According to the Space Energy Initiative, each satellite would be capable of capturing 3.4GW of solar energy. Based on an efficiency of 85%, it would beam a net 2.9GW to Earth, which ends up being 2GW of AC power in the national grid.
Although still in the development phase, various tests have proven the viability of this technology. In 2015, Mitsubishi Heavy Industries transmitted 10kW of power across 500m, and Japan Aerospace Exploration Agency managed a similar feat in the same year. However, there are some limitations still holding us back.
The most obvious benefit of capturing solar energy in space is that it’s always “day”. Provided we keep the mirrors pointed at the sun, they can collect energy 24/7, putting them well ahead of ground-based panel arrays. Similarly, the lack of atmospheric obstruction means more efficient energy capture.
Using beam-based energy transfer could also allow us to redirect it to areas most in need. Provided there’s a receiving station nearby, energy could be directed on demand across the country based on peak loads. This would give the power grid far more flexibility to cope with demand.
Finally, there’s reduced land interference. While many of us have little problem with the appearance of solar panel arrays, there’s no denying that they require ground space. To some extent, there will always be some kind of disruption to plants and wildlife as a result.
On the other hand, the concept of space-based solar capture has several obstacles we must overcome. First is the size of the satellites, which are estimated to have solar panels more than 1km across.
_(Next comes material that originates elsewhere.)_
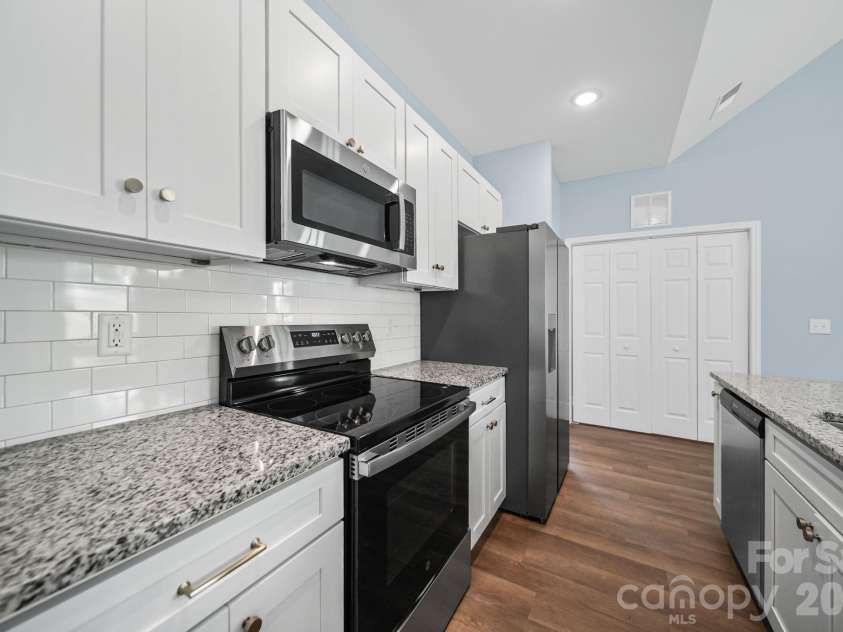 301 Long Street, East Spencer, NC 28039.  MLS# CAR4424524, YatesRealty ID 53224.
A similar issue is the cost to launch a satellite, which couldn’t exceed $200 per kg (which is equivalent to £161.07) if it’s to be competitive in the energy market
Then there’s the issue of the Airy disc phenomenon. Based on this, ground stations for a 1km satellite would need to be more than 10km in size! This is based on the planned beam frequency of 2.45GHz and its related spread.
We must also consider our ability to maintain solar panels. On Earth, this is a simple job. However, GEO orbit isn’t especially safe for astronauts, meaning our only option would be robotic repairs. Space debris is a hazard, and finding a viable way to repair satellites would be a must.
Despite these current hurdles, the idea of space-based solar energy capture is entirely viable. Although it’s still in its early stages, capturing such intense solar energy could revolutionise the way we use energy and the Earth-based solutions we employ.